As obrigações quanto à segurança, à divulgação e ao uso de informações, bem como restituição de veículos, espaçonaves, equipamentos ou dados técnicos, deverão continuar a ser aplicadas mesmo após a eventual expiração do acordo.

Comunidade científica

Em seu relatório, Roberto Rocha afirma que o acordo “está em consonância com os anseios da comunidade científica nacional, com as aspirações do meio acadêmico brasileiro afeto ao tema, com os interesses da Força Aérea Brasileira, com o entusiasmo do setor aeroespacial do país”.

O relator destaca que os Estados Unidos são os detentores da imensa maioria das patentes relacionadas com o lançamento de satélites, e que quase 80% dos equipamentos espaciais do mundo possuem algum componente daquele país, atualmente o maior lançador de um mercado estimado anualmente em 350 bilhões de dólares.

Na avaliação de Roberto Rocha, a entrada em vigor do acordo colocará o Brasil no mercado global de lançamentos de carga ao espaço, além de destravar a operação comercial de Alcântara e viabilizar a implantação da política espacial brasileira com a geração de expansão tecnológica, desenvolvimento social e crescimento econômico.

O relator argumenta ainda que os Estados Unidos mantêm acordos de salvaguardas tecnológicas da mesma natureza com China (1993), Índia (2009), Nova Zelândia (2016) e Rússia (2007).
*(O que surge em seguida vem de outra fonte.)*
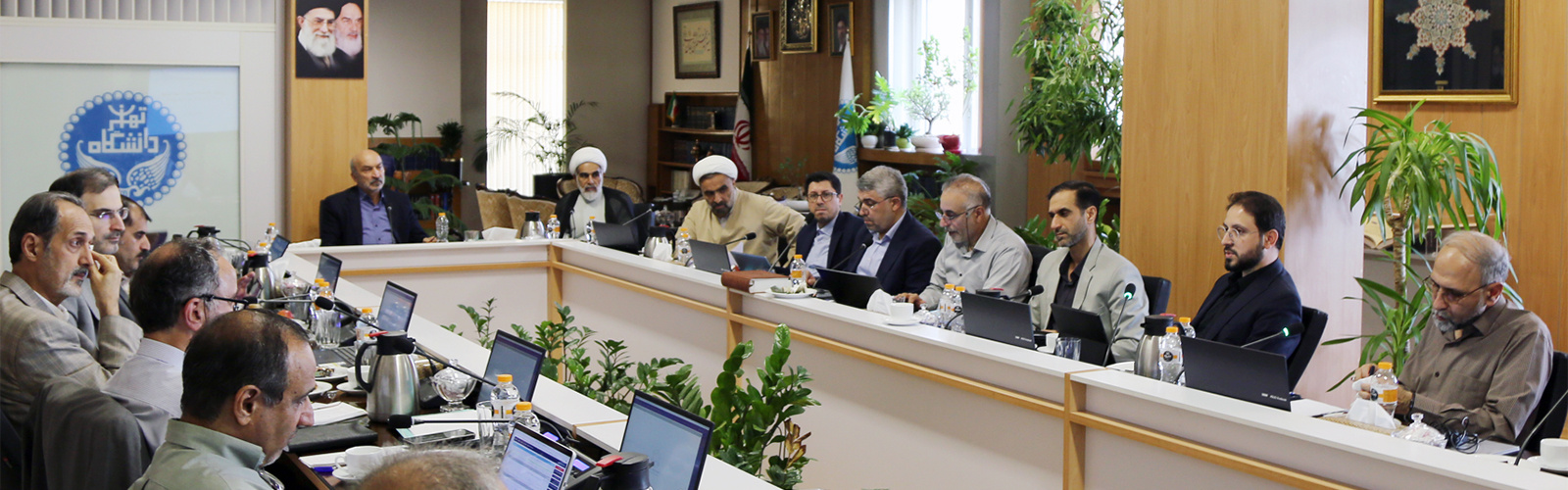 برگزاری نشست هیأت رئیسه دانشگاه تهران با هیأت رئیسه دانشکدگان فارابی دانشگاه تهران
Ele lamenta, contudo, que tratado semelhante, celebrado em 2000, no governo Fernando Henrique Cardoso, não tenha prosperado na Câmara.

“Perdemos 19 anos de experiência e de recursos. Sobressaíram, na altura, argumentos contrários com viés ideológico. E, no ponto, convém lembrar que a ideologia pura diminui a capacidade de análise. Tanto assim, que o Congresso Nacional aprovou naquela oportunidade acordo virtualmente idêntico com a Ucrânia e que, até os dias de hoje, não resultou em nada de concreto”, ressalta Roberto Rocha no relatório.